I have been a strong and vocal advocate for those affected by epilepsy and for the Epilepsy Centre. As I stated earlier, in 2016 I moved a motion that called on the now former state government to adequately fund epilepsy services, research and diagnosis. That motion was supported unanimously by the house. I think it is so important that the house, the parliament and the government of South Australia continue to recognise what the people, through the parliament, have put on the record before. I moved that motion in 2016 and I will not waver from the intent of what I stated back then. I thank the member for Mount Gambier for once again raising this issue before the house.

The Epilepsy Centre has expressed to me disappointment with the response they recently received from the government in relation to their request for funding. I would also like to note my disappointment in that regard. The Epilepsy Centre, I believe, has been looking for assistance of about $240,000 a year for the next four years to support the fantastic work that they do. What does $240,000 mean to the Epilepsy Centre? That funding would enable the centre to provide services equivalent to an additional three FTE registered nurses per annum to work with people in the community diagnosed with epilepsy as a primary condition and their families, especially children, young people and those who are newly diagnosed. They currently have only 2.5 FTE staff to resource these activities.

The key aim of the Epilepsy Centre is to reduce the need for unnecessary presentations at acute hospitals through better care and planning, awareness and management of the impact of the condition. It is an important goal that aligns with the new Marshall Liberal government's commitments to invest in better prevention and targeted prevention. Preventable health conditions costs us dearly. Investing in prevention avoids future costs to both individuals and government, benefiting individuals, communities and the wider society.

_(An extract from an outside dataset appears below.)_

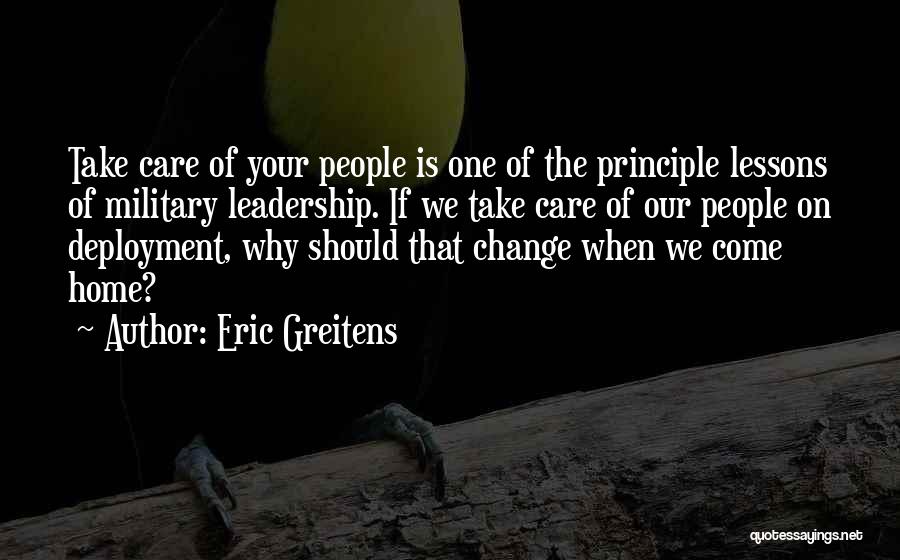 Eric Greitens Quotes: Take Care Of Your People Is One Of The Principle Lessons Of Military Leadership. If We Take Care Of Our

This is the situation that we have at the moment. As I have just put on the record, I am disappointed that the Epilepsy Centre's request for funding has not been met by this new government. But they are the challenges that we confront as a result of Labor's waste and fiscal mismanagement. I look at the programs and schemes, government advertising and re-election charms that the former Labor government invested in, and I always ask myself: had those wasteful government expenditures not been undertaken by the former Labor government, would we today be able to properly afford front-line services for people with medical conditions? And the answer is yes.

I hope that within this four-year term of government there is capacity within the state budget to properly fund not only fantastic hardworking organisations like the Epilepsy Centre to meet their small need but of course all organisations that are in the preventative health space and support those people with disabilities and the like. That is my commitment to my electorate and that is my commitment to the parliament. It is something that, as a member of government from the benches, I will continue to lobby for on behalf the 61,000 South Australians who have this chronic condition. It is hardworking South Australians, such as those living with epilepsy, especially chronic epilepsy, who desperately need help—hardworking South Australians, such as Vikki and Glen in my electorate, whose son Archie suffers from severe epilepsy.

The Marshall government is committed to investing in prevention and working through balanced health service funding, in particular targeting support to those who are at greatest risk. Targeted prevention initiatives, such as investing in registered nurses to work with people in the community diagnosed with epilepsy, can avoid or delay the onset of illness and disability, stop the deterioration of the condition and reduce risk. I want the government to work constructively with the Epilepsy Centre to optimise health services around the thousands of South Australians living with epilepsy so that they can access much needed help and support.